Wages and Panic Buttons

Roger Odisio rodisio at igc.org
Fri Aug 6 15:18:38 PDT 1999


Seth Ackerman wrote:


> Can someone explain to me the salient differences between Bastard
> Keynesianism and the more "authentic" versions? do these differences have
> any real policy implications?
>
> Seth

I'll take a crack at that from the deep recesses of my memory, Seth. What I can tell you is only one part of the story, and in simplified version.

"Bastard Keynesians" is a term coined by Joan Robinson, writing in the 50s. Robinson was actually a student of Keynes in the 30s when he was developing the General Theory, and she always retained a sort of protective approach to the corpus of his thought. Hence her reaction when his work was distorted.

Keynes attacked the neoclassicals of his day most fundamentally by showing theirs was a static equilibrium theory, complete with automatic tendencies toward that equilibrium. What to do when the economy turned down? Nothing, they said. In the General Theory (he called it the General Theory because he argued that all of neoclassical theory was but a restricted, special case), Keynes wrote of the many fundamental problems left unadressed by neoclassical theory; e.g., disconnects between savings and investment such that you can't save your way to prosperity (the problems of Say's Law), the "liqidity trap" when interest rates got too low, and other such things that clearly showed some of the dissembling possibilities of unfettered capitalism. One way to summarize: Keynes added time to the neoclassical static model (see stuff by GLS Schackle and Robinson explaining this) and studied its effects.

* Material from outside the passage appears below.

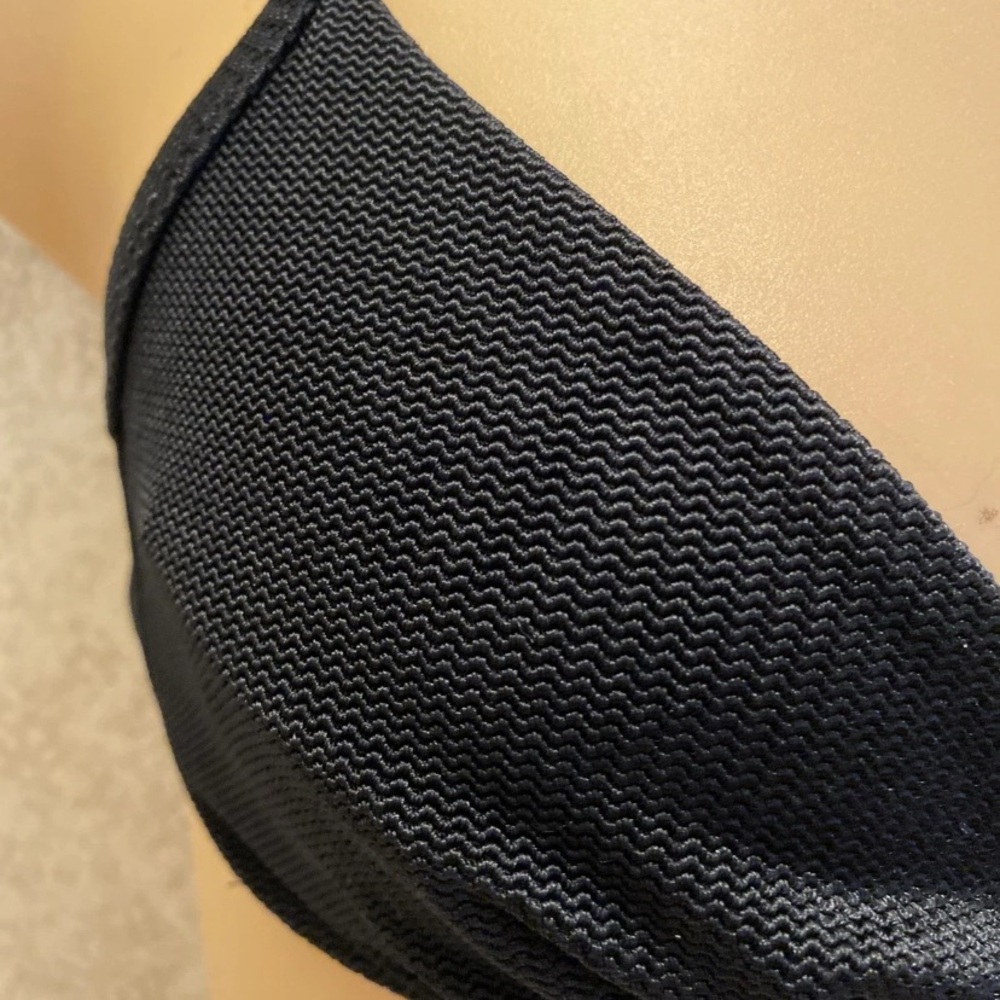 Elegant Black Tie-Front Bikini Top - Picture 6 of 15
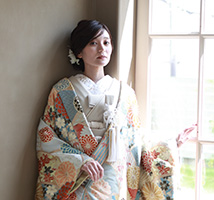 書を持つ新郎新婦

According to Robinson (and she's right), first chance they got, the bastard Keynesians took time back out of the theory. They embraced superficial parts like deficit spending to correct short term problems of aggregate demand (so that Nixon could proclaim "we are all Keynesians now"--the extreme form of bastardization, of course; also the point of Doug's reference to the bastard Keynesian state). But they replaced the heart of Keynes' macro insights with static ISLM curves--you tweak the money supply here or savings there and poof! you're back on track toward equilibrated nirvana. In short, they are bastard Keynesians because they grabbed hold of a few trappings, and threw away the insights that call into question how capitalism functions.

Policy implications? His analysis led Keynes, a rather conservative fella, who e.g., had little use for Marx, to blurt out that, to deal with the problems he had shown, perhaps it was necessary to have social control of investment. Put another way, don't kid yourself that your are getting the heart of the problem when you debate the effects on growth of a tax cut vs. govt. spending.